> Supplied records:
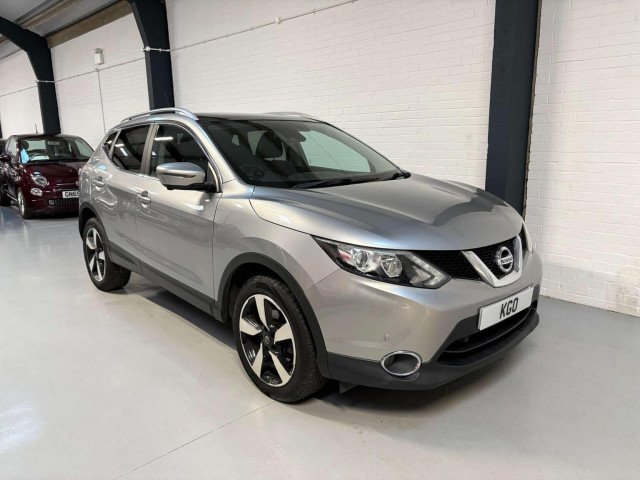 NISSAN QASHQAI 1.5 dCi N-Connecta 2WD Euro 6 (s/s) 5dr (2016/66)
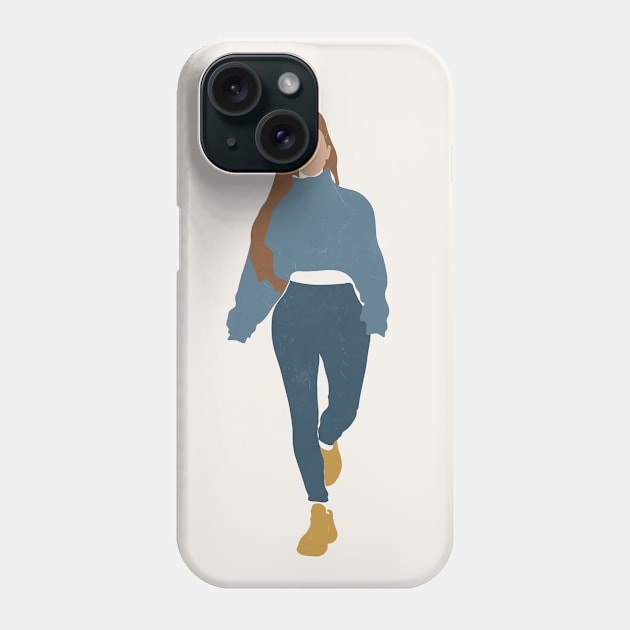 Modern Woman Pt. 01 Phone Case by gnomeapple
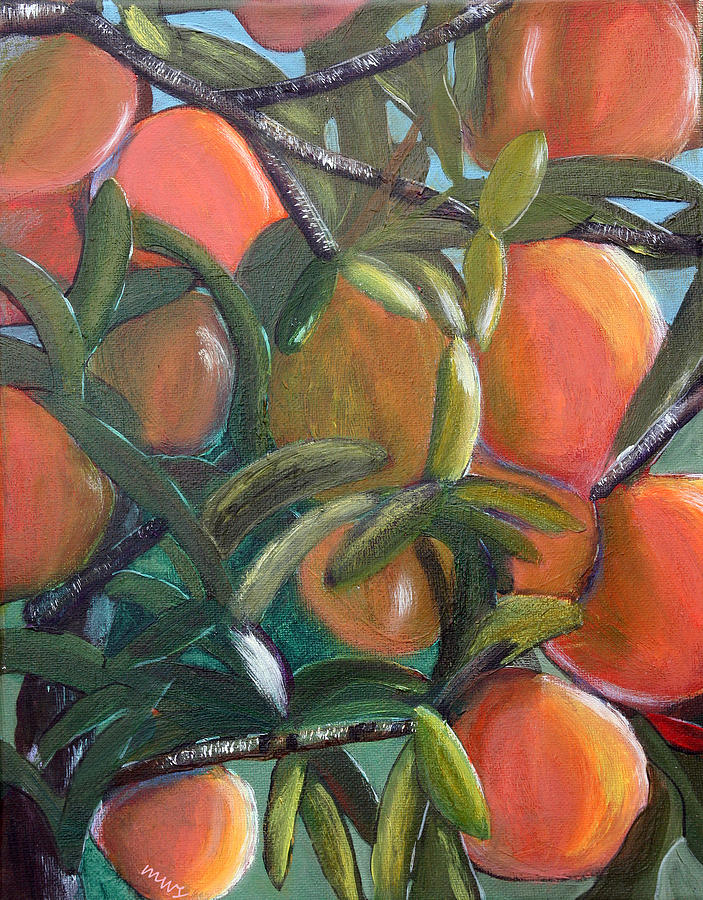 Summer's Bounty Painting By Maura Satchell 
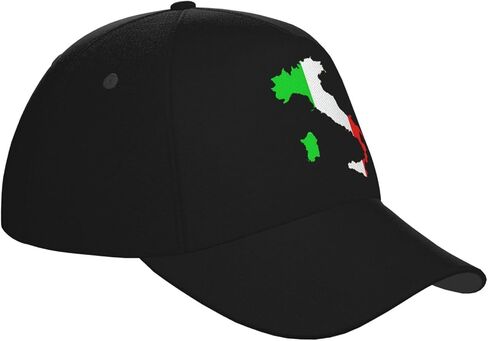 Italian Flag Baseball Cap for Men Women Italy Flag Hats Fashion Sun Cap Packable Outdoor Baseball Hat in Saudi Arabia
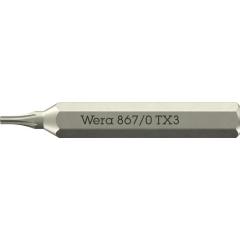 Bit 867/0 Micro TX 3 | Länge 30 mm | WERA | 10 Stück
...
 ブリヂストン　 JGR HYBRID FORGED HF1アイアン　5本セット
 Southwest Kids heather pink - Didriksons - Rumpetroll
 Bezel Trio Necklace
...
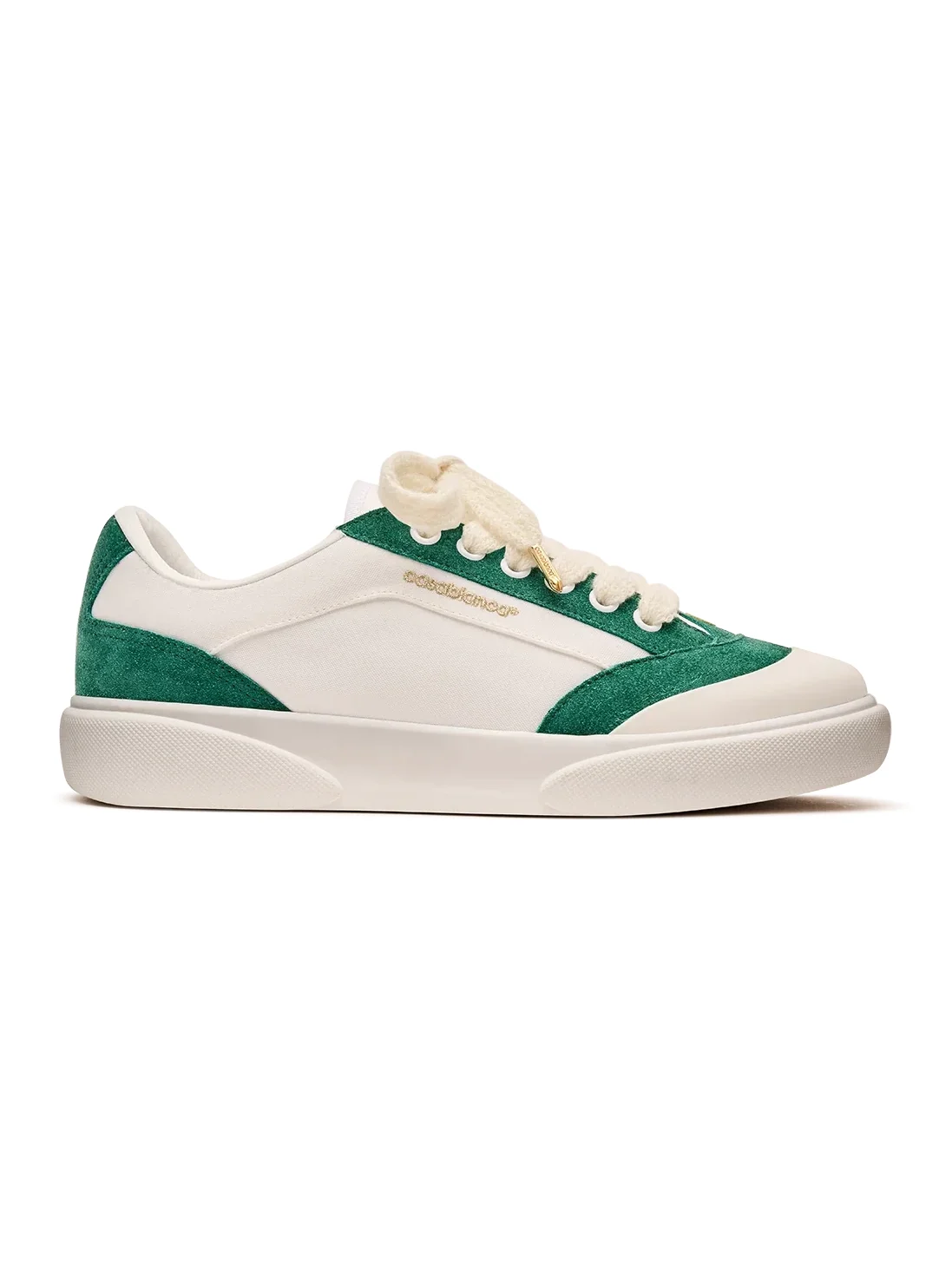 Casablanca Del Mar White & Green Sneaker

> What is expected:
From the records above, return exactly the lines running from the one that contains "NISSAN QASHQAI 1.5" down to the one that contains "Bit 867/0 Micro", both included, without any pictures.

> Result:
 NISSAN QASHQAI 1.5 dCi N-Connecta 2WD Euro 6 (s/s) 5dr (2016/66)
 Modern Woman Pt. 01 Phone Case by gnomeapple
 Summer's Bounty Painting By Maura Satchell 
 Italian Flag Baseball Cap for Men Women Italy Flag Hats Fashion Sun Cap Packable Outdoor Baseball Hat in Saudi Arabia
 Bit 867/0 Micro TX 3 | Länge 30 mm | WERA | 10 Stück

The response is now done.